Task to complete => The answer should consist of every record, reproduced exactly.

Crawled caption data
= = =
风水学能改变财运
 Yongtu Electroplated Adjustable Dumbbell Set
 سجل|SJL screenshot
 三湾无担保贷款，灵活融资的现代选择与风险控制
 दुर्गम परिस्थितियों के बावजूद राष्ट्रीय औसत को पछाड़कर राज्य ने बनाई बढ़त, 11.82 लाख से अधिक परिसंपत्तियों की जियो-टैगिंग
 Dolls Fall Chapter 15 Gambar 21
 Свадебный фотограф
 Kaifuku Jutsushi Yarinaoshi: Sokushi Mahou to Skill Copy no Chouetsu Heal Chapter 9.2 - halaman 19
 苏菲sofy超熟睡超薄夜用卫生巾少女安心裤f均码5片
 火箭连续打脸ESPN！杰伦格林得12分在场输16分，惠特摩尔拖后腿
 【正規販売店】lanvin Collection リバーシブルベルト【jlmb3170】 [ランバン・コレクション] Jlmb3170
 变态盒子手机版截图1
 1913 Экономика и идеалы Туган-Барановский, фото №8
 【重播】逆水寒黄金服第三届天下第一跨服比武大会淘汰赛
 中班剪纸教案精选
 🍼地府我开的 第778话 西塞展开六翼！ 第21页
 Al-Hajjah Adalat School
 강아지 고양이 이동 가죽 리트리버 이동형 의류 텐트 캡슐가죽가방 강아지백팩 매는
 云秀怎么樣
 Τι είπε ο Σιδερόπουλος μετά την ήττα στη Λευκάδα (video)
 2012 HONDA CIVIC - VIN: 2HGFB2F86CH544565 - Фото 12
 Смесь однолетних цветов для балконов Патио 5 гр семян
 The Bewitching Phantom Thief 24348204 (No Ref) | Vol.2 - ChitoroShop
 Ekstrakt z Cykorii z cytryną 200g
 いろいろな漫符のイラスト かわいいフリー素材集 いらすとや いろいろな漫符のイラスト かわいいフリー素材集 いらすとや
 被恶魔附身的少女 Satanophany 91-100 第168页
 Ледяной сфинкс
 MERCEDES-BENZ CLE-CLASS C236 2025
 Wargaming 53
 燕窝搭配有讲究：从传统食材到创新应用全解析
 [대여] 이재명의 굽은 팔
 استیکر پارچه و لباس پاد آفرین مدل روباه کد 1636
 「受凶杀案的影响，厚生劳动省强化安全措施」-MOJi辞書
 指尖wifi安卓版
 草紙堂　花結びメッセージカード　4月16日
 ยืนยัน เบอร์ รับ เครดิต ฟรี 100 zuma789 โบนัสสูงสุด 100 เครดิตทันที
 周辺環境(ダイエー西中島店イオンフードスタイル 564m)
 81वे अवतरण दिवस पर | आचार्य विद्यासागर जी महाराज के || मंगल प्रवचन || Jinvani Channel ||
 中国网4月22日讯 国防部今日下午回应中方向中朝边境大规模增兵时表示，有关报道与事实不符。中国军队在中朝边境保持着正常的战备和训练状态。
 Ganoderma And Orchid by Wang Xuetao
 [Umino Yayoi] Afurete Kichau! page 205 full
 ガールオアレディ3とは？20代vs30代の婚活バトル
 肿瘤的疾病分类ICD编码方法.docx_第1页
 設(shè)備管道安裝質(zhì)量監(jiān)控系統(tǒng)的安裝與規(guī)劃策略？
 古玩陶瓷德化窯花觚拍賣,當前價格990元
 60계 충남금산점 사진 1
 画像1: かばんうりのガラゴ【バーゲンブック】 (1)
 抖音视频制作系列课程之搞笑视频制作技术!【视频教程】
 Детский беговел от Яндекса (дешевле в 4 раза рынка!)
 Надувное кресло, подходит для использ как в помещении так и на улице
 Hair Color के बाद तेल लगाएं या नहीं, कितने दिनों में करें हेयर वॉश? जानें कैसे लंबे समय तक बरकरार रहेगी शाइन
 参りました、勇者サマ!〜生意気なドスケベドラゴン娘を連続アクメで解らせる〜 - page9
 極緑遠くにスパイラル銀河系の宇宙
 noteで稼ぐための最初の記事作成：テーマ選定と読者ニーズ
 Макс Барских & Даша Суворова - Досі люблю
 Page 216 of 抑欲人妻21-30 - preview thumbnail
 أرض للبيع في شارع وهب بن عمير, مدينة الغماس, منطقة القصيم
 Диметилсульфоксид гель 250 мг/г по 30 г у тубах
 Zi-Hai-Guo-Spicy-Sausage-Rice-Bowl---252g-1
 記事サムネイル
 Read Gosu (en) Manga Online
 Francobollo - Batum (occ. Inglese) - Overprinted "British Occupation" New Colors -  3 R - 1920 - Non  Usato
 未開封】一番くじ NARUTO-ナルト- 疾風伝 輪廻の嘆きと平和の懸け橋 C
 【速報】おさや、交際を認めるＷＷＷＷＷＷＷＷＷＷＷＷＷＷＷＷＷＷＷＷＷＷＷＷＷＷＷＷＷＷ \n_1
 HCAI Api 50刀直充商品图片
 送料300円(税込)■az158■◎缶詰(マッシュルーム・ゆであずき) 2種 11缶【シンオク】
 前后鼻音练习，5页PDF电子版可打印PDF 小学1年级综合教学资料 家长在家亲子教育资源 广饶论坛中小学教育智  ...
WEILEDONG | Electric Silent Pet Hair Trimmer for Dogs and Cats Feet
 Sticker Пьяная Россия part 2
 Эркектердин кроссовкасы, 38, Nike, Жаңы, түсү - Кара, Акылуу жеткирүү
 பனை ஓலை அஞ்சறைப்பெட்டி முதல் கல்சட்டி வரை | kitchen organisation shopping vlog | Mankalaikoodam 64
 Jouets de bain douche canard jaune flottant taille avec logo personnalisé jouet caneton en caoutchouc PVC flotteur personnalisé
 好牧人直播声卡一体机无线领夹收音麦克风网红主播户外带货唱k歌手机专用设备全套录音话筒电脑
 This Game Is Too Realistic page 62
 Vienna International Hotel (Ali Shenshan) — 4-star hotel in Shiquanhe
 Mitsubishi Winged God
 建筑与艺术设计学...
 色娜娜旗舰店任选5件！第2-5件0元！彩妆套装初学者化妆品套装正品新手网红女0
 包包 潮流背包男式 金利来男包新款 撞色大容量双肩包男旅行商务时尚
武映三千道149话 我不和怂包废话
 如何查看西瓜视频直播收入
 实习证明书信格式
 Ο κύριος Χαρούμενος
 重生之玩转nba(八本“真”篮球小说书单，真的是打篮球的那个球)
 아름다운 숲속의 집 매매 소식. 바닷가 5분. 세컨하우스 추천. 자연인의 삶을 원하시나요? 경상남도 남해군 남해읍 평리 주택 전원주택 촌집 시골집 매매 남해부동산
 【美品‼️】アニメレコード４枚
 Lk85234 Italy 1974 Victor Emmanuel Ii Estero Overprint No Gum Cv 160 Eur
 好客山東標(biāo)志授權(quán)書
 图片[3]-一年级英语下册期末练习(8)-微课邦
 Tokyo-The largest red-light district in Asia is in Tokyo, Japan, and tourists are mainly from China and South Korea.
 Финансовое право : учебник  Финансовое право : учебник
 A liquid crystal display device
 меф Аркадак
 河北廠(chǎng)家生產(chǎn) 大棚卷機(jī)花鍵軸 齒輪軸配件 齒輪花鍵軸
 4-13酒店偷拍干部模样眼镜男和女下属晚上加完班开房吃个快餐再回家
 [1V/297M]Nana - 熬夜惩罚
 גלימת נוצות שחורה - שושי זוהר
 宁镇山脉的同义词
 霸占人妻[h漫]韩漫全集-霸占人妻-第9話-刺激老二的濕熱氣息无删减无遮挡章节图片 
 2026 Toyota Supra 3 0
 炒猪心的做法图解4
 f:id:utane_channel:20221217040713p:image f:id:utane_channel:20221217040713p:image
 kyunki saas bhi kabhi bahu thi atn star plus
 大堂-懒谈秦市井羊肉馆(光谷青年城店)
= = =
Expected output =>
风水学能改变财运
 Yongtu Electroplated Adjustable Dumbbell Set
 سجل|SJL screenshot
 三湾无担保贷款，灵活融资的现代选择与风险控制
 दुर्गम परिस्थितियों के बावजूद राष्ट्रीय औसत को पछाड़कर राज्य ने बनाई बढ़त, 11.82 लाख से अधिक परिसंपत्तियों की जियो-टैगिंग
 Dolls Fall Chapter 15 Gambar 21
 Свадебный фотограф
 Kaifuku Jutsushi Yarinaoshi: Sokushi Mahou to Skill Copy no Chouetsu Heal Chapter 9.2 - halaman 19
 苏菲sofy超熟睡超薄夜用卫生巾少女安心裤f均码5片
 火箭连续打脸ESPN！杰伦格林得12分在场输16分，惠特摩尔拖后腿
 【正規販売店】lanvin Collection リバーシブルベルト【jlmb3170】 [ランバン・コレクション] Jlmb3170
 变态盒子手机版截图1
 1913 Экономика и идеалы Туган-Барановский, фото №8
 【重播】逆水寒黄金服第三届天下第一跨服比武大会淘汰赛
 中班剪纸教案精选
 🍼地府我开的 第778话 西塞展开六翼！ 第21页
 Al-Hajjah Adalat School
 강아지 고양이 이동 가죽 리트리버 이동형 의류 텐트 캡슐가죽가방 강아지백팩 매는
 云秀怎么樣
 Τι είπε ο Σιδερόπουλος μετά την ήττα στη Λευκάδα (video)
 2012 HONDA CIVIC - VIN: 2HGFB2F86CH544565 - Фото 12
 Смесь однолетних цветов для балконов Патио 5 гр семян
 The Bewitching Phantom Thief 24348204 (No Ref) | Vol.2 - ChitoroShop
 Ekstrakt z Cykorii z cytryną 200g
 いろいろな漫符のイラスト かわいいフリー素材集 いらすとや いろいろな漫符のイラスト かわいいフリー素材集 いらすとや
 被恶魔附身的少女 Satanophany 91-100 第168页
 Ледяной сфинкс
 MERCEDES-BENZ CLE-CLASS C236 2025
 Wargaming 53
 燕窝搭配有讲究：从传统食材到创新应用全解析
 [대여] 이재명의 굽은 팔
 استیکر پارچه و لباس پاد آفرین مدل روباه کد 1636
 「受凶杀案的影响，厚生劳动省强化安全措施」-MOJi辞書
 指尖wifi安卓版
 草紙堂　花結びメッセージカード　4月16日
 ยืนยัน เบอร์ รับ เครดิต ฟรี 100 zuma789 โบนัสสูงสุด 100 เครดิตทันที
 周辺環境(ダイエー西中島店イオンフードスタイル 564m)
 81वे अवतरण दिवस पर | आचार्य विद्यासागर जी महाराज के || मंगल प्रवचन || Jinvani Channel ||
 中国网4月22日讯 国防部今日下午回应中方向中朝边境大规模增兵时表示，有关报道与事实不符。中国军队在中朝边境保持着正常的战备和训练状态。
 Ganoderma And Orchid by Wang Xuetao
 [Umino Yayoi] Afurete Kichau! page 205 full
 ガールオアレディ3とは？20代vs30代の婚活バトル
 肿瘤的疾病分类ICD编码方法.docx_第1页
 設(shè)備管道安裝質(zhì)量監(jiān)控系統(tǒng)的安裝與規(guī)劃策略？
 古玩陶瓷德化窯花觚拍賣,當前價格990元
 60계 충남금산점 사진 1
 画像1: かばんうりのガラゴ【バーゲンブック】 (1)
 抖音视频制作系列课程之搞笑视频制作技术!【视频教程】
 Детский беговел от Яндекса (дешевле в 4 раза рынка!)
 Надувное кресло, подходит для использ как в помещении так и на улице
 Hair Color के बाद तेल लगाएं या नहीं, कितने दिनों में करें हेयर वॉश? जानें कैसे लंबे समय तक बरकरार रहेगी शाइन
 参りました、勇者サマ!〜生意気なドスケベドラゴン娘を連続アクメで解らせる〜 - page9
 極緑遠くにスパイラル銀河系の宇宙
 noteで稼ぐための最初の記事作成：テーマ選定と読者ニーズ
 Макс Барских & Даша Суворова - Досі люблю
 Page 216 of 抑欲人妻21-30 - preview thumbnail
 أرض للبيع في شارع وهب بن عمير, مدينة الغماس, منطقة القصيم
 Диметилсульфоксид гель 250 мг/г по 30 г у тубах
 Zi-Hai-Guo-Spicy-Sausage-Rice-Bowl---252g-1
 記事サムネイル
 Read Gosu (en) Manga Online
 Francobollo - Batum (occ. Inglese) - Overprinted "British Occupation" New Colors -  3 R - 1920 - Non  Usato
 未開封】一番くじ NARUTO-ナルト- 疾風伝 輪廻の嘆きと平和の懸け橋 C
 【速報】おさや、交際を認めるＷＷＷＷＷＷＷＷＷＷＷＷＷＷＷＷＷＷＷＷＷＷＷＷＷＷＷＷＷＷ \n_1
 HCAI Api 50刀直充商品图片
 送料300円(税込)■az158■◎缶詰(マッシュルーム・ゆであずき) 2種 11缶【シンオク】
 前后鼻音练习，5页PDF电子版可打印PDF 小学1年级综合教学资料 家长在家亲子教育资源 广饶论坛中小学教育智  ...
WEILEDONG | Electric Silent Pet Hair Trimmer for Dogs and Cats Feet
 Sticker Пьяная Россия part 2
 Эркектердин кроссовкасы, 38, Nike, Жаңы, түсү - Кара, Акылуу жеткирүү
 பனை ஓலை அஞ்சறைப்பெட்டி முதல் கல்சட்டி வரை | kitchen organisation shopping vlog | Mankalaikoodam 64
 Jouets de bain douche canard jaune flottant taille avec logo personnalisé jouet caneton en caoutchouc PVC flotteur personnalisé
 好牧人直播声卡一体机无线领夹收音麦克风网红主播户外带货唱k歌手机专用设备全套录音话筒电脑
 This Game Is Too Realistic page 62
 Vienna International Hotel (Ali Shenshan) — 4-star hotel in Shiquanhe
 Mitsubishi Winged God
 建筑与艺术设计学...
 色娜娜旗舰店任选5件！第2-5件0元！彩妆套装初学者化妆品套装正品新手网红女0
 包包 潮流背包男式 金利来男包新款 撞色大容量双肩包男旅行商务时尚
武映三千道149话 我不和怂包废话
 如何查看西瓜视频直播收入
 实习证明书信格式
 Ο κύριος Χαρούμενος
 重生之玩转nba(八本“真”篮球小说书单，真的是打篮球的那个球)
 아름다운 숲속의 집 매매 소식. 바닷가 5분. 세컨하우스 추천. 자연인의 삶을 원하시나요? 경상남도 남해군 남해읍 평리 주택 전원주택 촌집 시골집 매매 남해부동산
 【美品‼️】アニメレコード４枚
 Lk85234 Italy 1974 Victor Emmanuel Ii Estero Overprint No Gum Cv 160 Eur
 好客山東標(biāo)志授權(quán)書
 图片[3]-一年级英语下册期末练习(8)-微课邦
 Tokyo-The largest red-light district in Asia is in Tokyo, Japan, and tourists are mainly from China and South Korea.
 Финансовое право : учебник  Финансовое право : учебник
 A liquid crystal display device
 меф Аркадак
 河北廠(chǎng)家生產(chǎn) 大棚卷機(jī)花鍵軸 齒輪軸配件 齒輪花鍵軸
 4-13酒店偷拍干部模样眼镜男和女下属晚上加完班开房吃个快餐再回家
 [1V/297M]Nana - 熬夜惩罚
 גלימת נוצות שחורה - שושי זוהר
 宁镇山脉的同义词
 霸占人妻[h漫]韩漫全集-霸占人妻-第9話-刺激老二的濕熱氣息无删减无遮挡章节图片 
 2026 Toyota Supra 3 0
 炒猪心的做法图解4
 f:id:utane_channel:20221217040713p:image f:id:utane_channel:20221217040713p:image
 kyunki saas bhi kabhi bahu thi atn star plus
 大堂-懒谈秦市井羊肉馆(光谷青年城店)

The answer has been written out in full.